Meanwhile, the Idanre forest reserve (OA5) in the state is also facing the same conflict as the Oluwa forest – with the same investor, SAO Agro-Allied Services Limited.
The farmers in the reserve took the state government to court over the alleged sale of their cocoa plantation to the investor. The farmers, who had cultivated cocoa in the forest for over two decades, took to the streets to protest after their farms were graded for the firm to plant palm trees.
The Idanre reserve is a protected natural forest and an important conservation area for the local flora and fauna.
Information on the website of SAO Agro, the company at the heart of the conflict in the forest reserves, stated that the firm is the lead investor developing the Ondo Special Agro Processing Zone supported by the African Development Bank (AfDB) and the Ondo government in the bid to increase state IGR through national and international agricultural trade.
This reporter reached out to SAO Agro through its corporate emails, website, and phone calls, seeking information on the agricultural activities of the investment company in the forest reserves in Ondo state and whether it is aware of its negative effect on the conservation of the depleting forest.

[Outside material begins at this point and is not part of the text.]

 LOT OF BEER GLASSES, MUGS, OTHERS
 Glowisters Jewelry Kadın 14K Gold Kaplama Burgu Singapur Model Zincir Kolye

Further questions were asked on the alleged involvement of the company in the assault of farmers in the forests. But there were no responses from the company.
In his reaction, Ebenezer Adeniyan, chief press secretary to Lucky Aiyedatiwa, the new governor of Ondo, said the issue was inherited from the past administration in the state. He said he was unsure if the matter had caught the attention of Aiyedatiwa, who was the deputy governor in the previous administration.